> _Data provided_:
====================
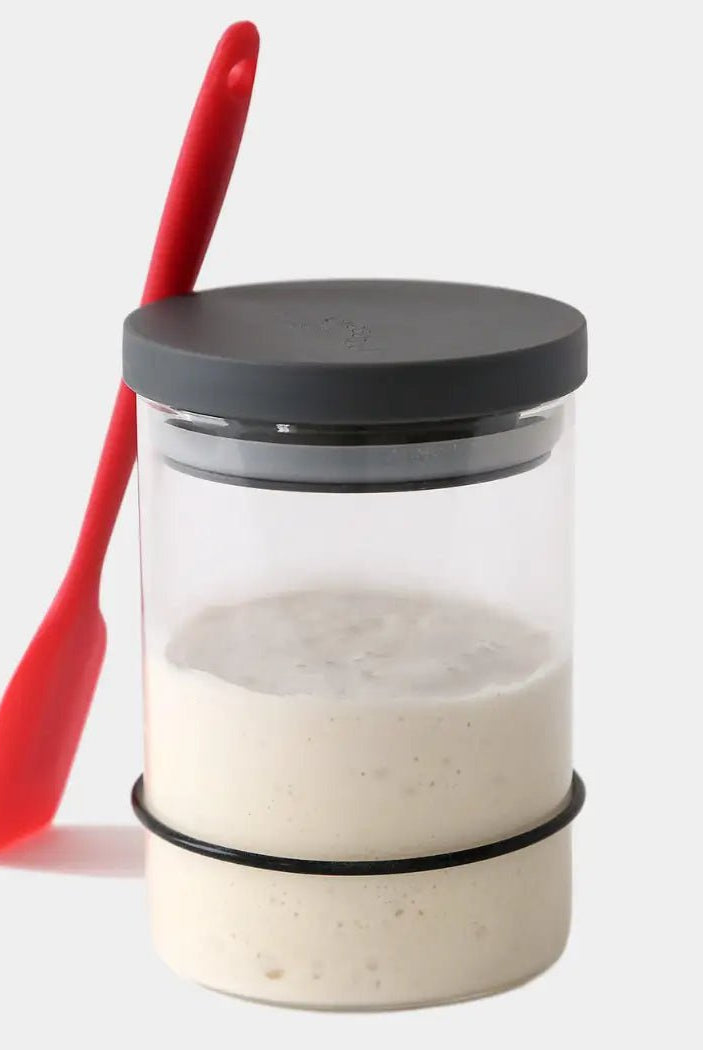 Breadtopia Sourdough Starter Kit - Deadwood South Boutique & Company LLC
====================
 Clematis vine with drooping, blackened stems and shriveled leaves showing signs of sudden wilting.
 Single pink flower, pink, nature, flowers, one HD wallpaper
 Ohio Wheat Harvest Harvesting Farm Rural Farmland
====================
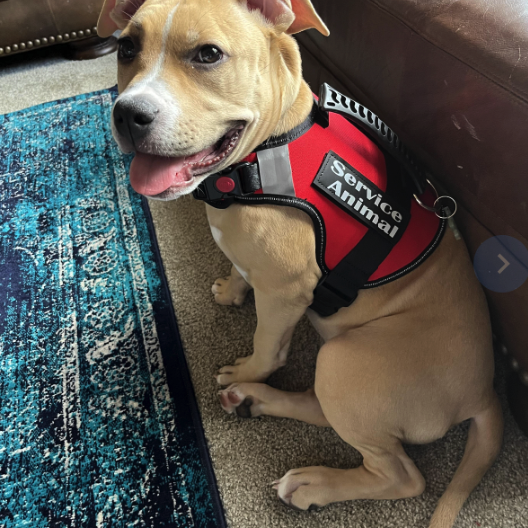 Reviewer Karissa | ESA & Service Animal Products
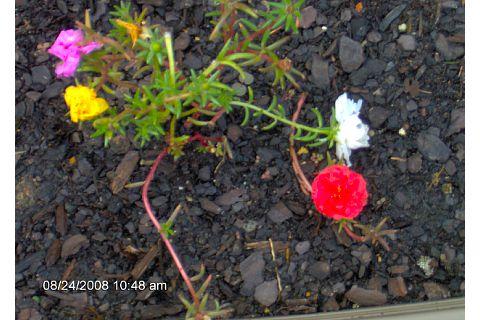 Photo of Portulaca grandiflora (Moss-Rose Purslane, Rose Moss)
====================
> _Task details_:
Look above for the line containing "Clematis vine with". Output from there through the line containing "Ohio Wheat Harvest", exactly and inclusively.

> _The answer_:
 Clematis vine with drooping, blackened stems and shriveled leaves showing signs of sudden wilting.
 Single pink flower, pink, nature, flowers, one HD wallpaper
 Ohio Wheat Harvest Harvesting Farm Rural Farmland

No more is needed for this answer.